2. Organize Life’s Moments

While spontaneous messages are always appreciated, ensure that you’re showing up for the major moments in your friends’ and family members’ lives, too. Store home addresses in a notebook where you will easily be able to access them. Make note of special occasions in your calendar so that you’ll have the foresight to mail a card or gift with plenty of time. 

Additionally, express an interest in your loved ones’ general well-being by checking in before or after more commonplace happenings, such as first dates, job interviews or doctors’ visits, to reaffirm how much you care. 

3. Express Gratitude

Let your loved ones know how grateful you are for their presence in your life. You will never regret expressing feelings of love and appreciation toward those who are important to you, and it will spark as much joy for them as it does for you. Note that you do not need to send a material gift of any kind to convey your appreciation. Often, a thoughtful, handwritten note will make the greatest impact. 

4. Respect a Loved One’s Need for Space

Even the most attentive friends, relatives and partners cannot be fully present at all times. Do not overwhelm your loved ones with constant outreach or requests, particularly during instances in which they may be juggling additional stressors or responsibilities.

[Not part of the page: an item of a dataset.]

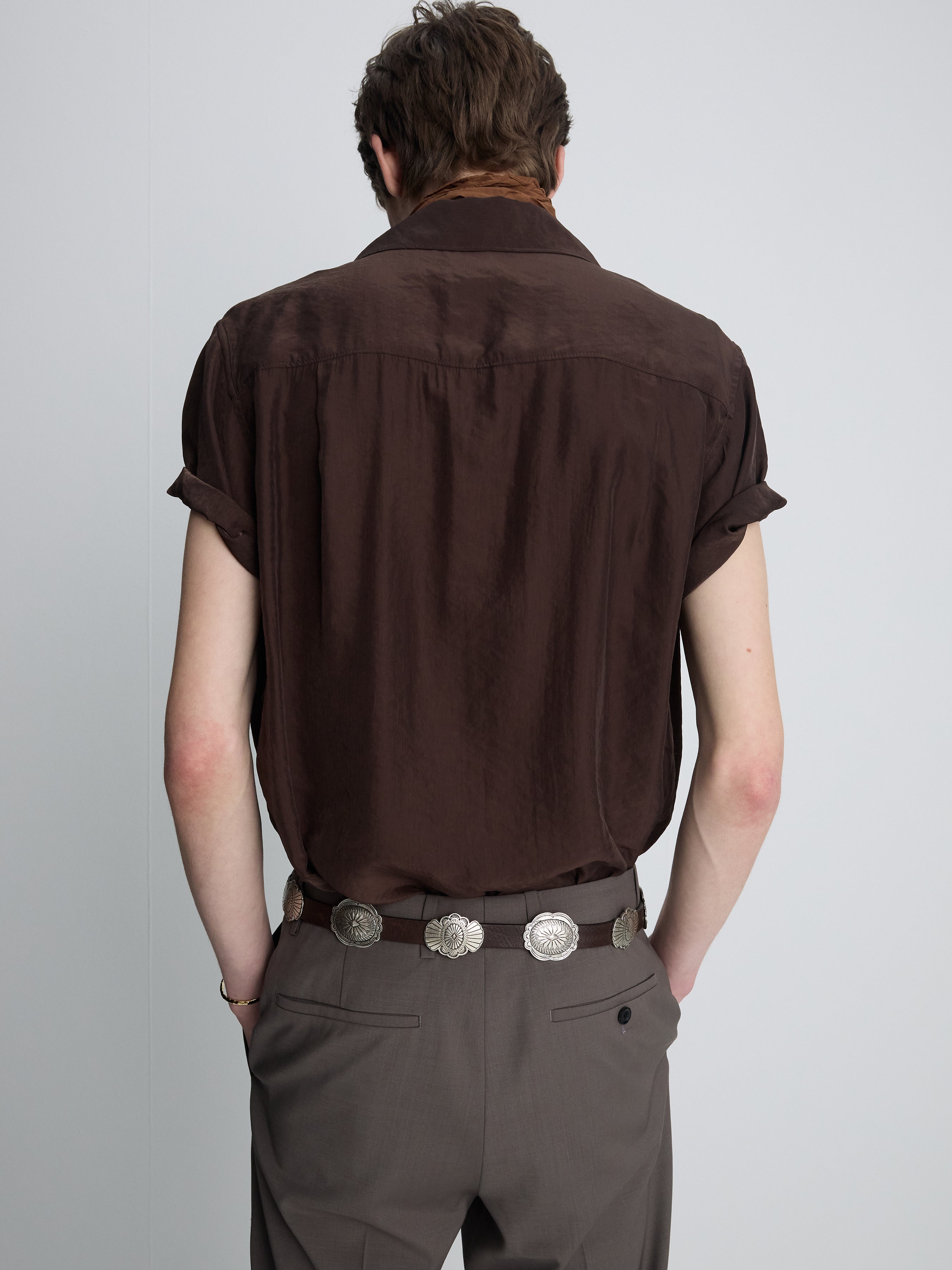 WASHED RAYON PEARL SNAP SHIRT_ BROWN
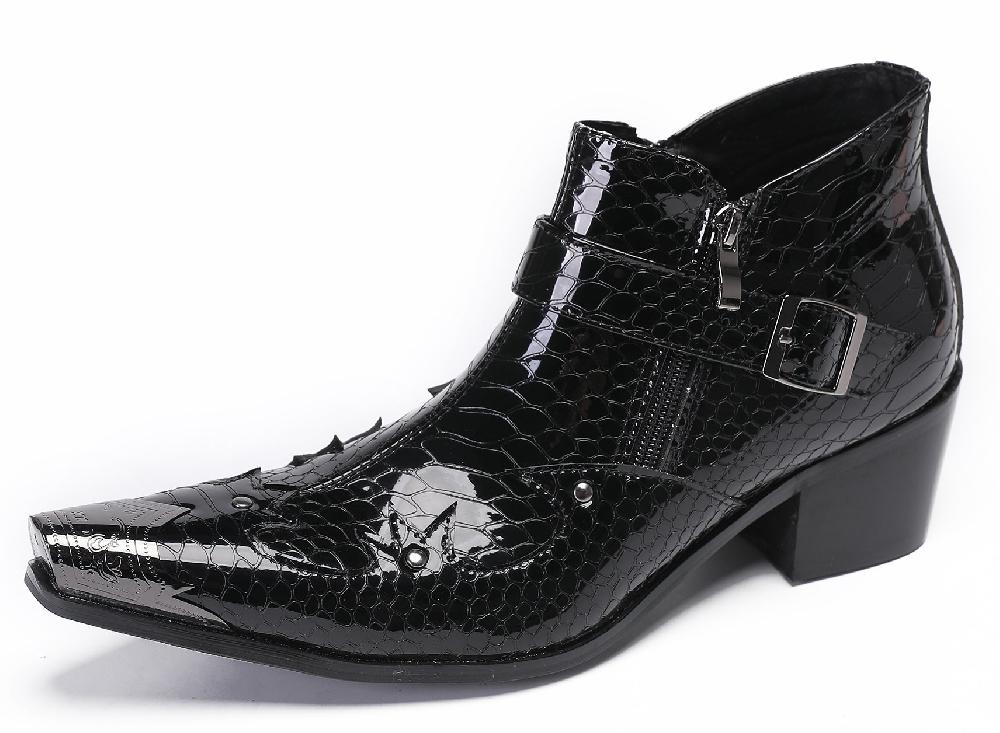 santimon Mens Casual Party Snakeskin Texture Western Boots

You’ll know the right balance. 

02

Ending Relationships That No Longer Spark Joy

1. Streamline Your Social Media

Many of our relationships translate to online spaces, too. Unfollow accounts that no longer bring joy or simply press the mute button, which will reduce an individual’s posts or stories without their knowledge. After all, you want to scroll through your feeds to discover photos and messages that create positive feelings, not those of self-consciousness or frustration. 

2. Set Boundaries

You can still spend time with loved ones while abstaining from conversations and activities that do not spark joy. Set time constraints ahead of time to ensure that you won’t leave a gathering feeling overwhelmed or drained; a step particularly key for introverts. When scheduling a video chat, for example, note that you would be happy to catch up but only have a half hour. Taking proactive steps will work wonders in preventing future burnout. 

3. Strengthen Your Relationship With Yourself

Developing the confidence to enjoy time spent alone can open up a new world of possibilities. If you can confidently feel content dining, traveling or simply spending an afternoon exploring by yourself, you may quickly realize that you do not need to hold onto relationships that aren’t serving you solely for the sake of companionship. 

4. Let Go with Gratitude

Moving on from a relationship that once sparked joy but no longer does is difficult, but it is completely natural for relationships to ebb and flow and even end. If you have chosen to move forward with your own life without the company of the other person, embrace the opportunity to grow – and just like you would when tidying a space, let go with gratitude.